The teens are taking part in 13 workshop sessions, covering topics such as augmented reality, and space relations between physical and virtual worlds. The students are using Minecraft, the digital game in which users build and break down structures by moving computer-generated blocks, to practice building the structures they’ve designed.
Leander described Minecraft as “writing on the surface of a virtual earth,” and said he was surprised by how adept his students were at the game. “It’s really astounding to me,” he said, adding that the game has become a kind of literacy in itself. Arrieta explained that they’ve also been using the game to role play the relationship between client and designer.
“It’s very exciting,” said Arrieta. “We’re trying to challenge them and to use other tools,” including Google SketchUp, which allows students to build 3D models.

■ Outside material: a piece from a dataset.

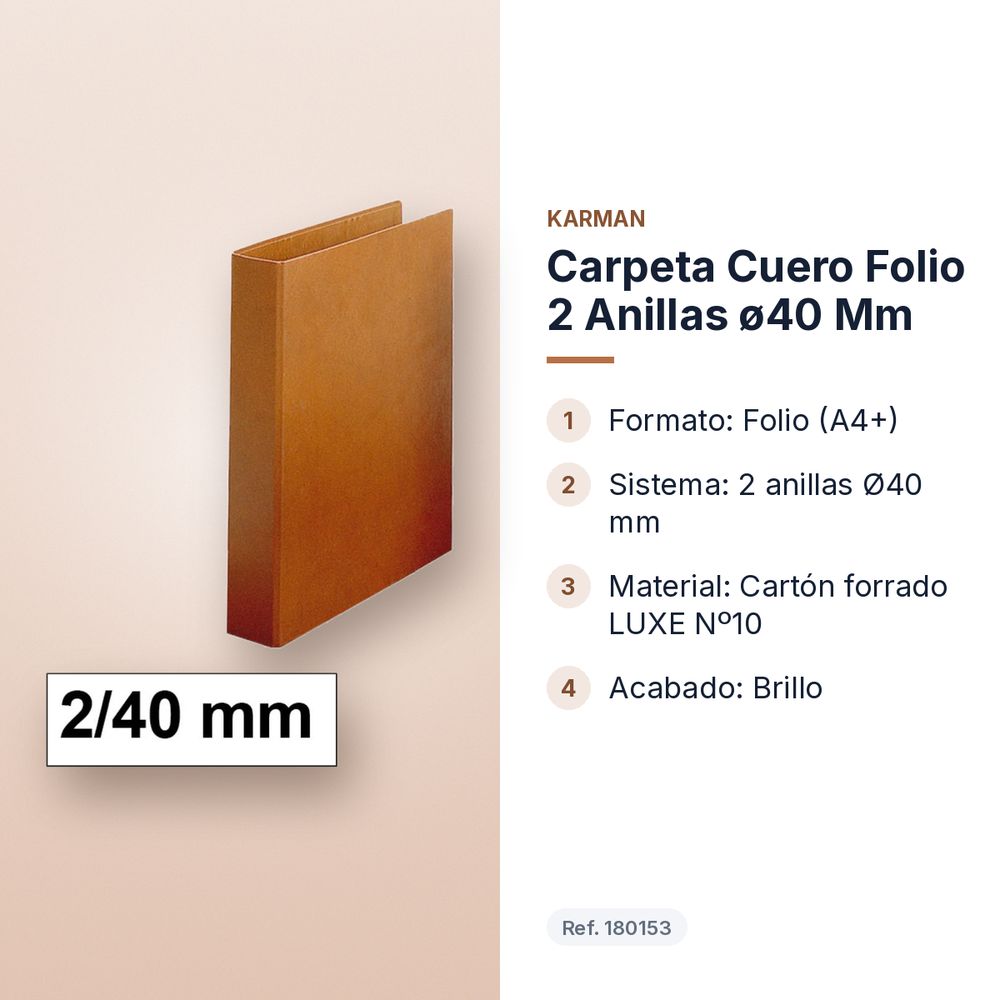 CARPETA CUERO FOLIO 2 ANILLAS Ø40 MM  - características principales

The workshop leaders have also taken students on tours of other spaces, including libraries, to help enrich the ongoing conversation about space and how it affects learning. During these tours, students are asked to pay close attention to the surrounding architecture and the use of physical space in order to gain a better understanding for the spaces that comprise their community. As Leander noted, this collaboration between youth and designers has provided students with a unique learning opportunity where they have a role in creating part of their city.
The upcoming weeks of the mentorship will be dedicated to creating a prioritized “wish list,” by comparing elements that the students would like in their new Learning Lab against square footage and space limitations. Some of the priorities that have been confirmed include a makerspace—a place where teens can tinker and invent—and, in keeping with its Nashville roots, a place for music production and recording.
Leander said that their location is a key component in creating a singular space. “We want the space to be unique to the team we’ve assembled, and unique to Nashville,” said Leander. “We want to do something different where the virtual piece and the physical piece are interwoven.”
Finding a balance between creating the ideal concept, which is still in a developmental phase, and beginning to physically construct the space is one area that, according to Leander, can present some roadblocks.
“You’re trying to bring a lot of imagination and creativity, but also trying to make commitments,” said Leander, “all in order to build a version of a thing no one’s ever seen before. It sort of feels like you’re building a boat while trying to sail it at the same time. At some point, you have to look at each other and say, ‘we’ve actually got to make this thing’.”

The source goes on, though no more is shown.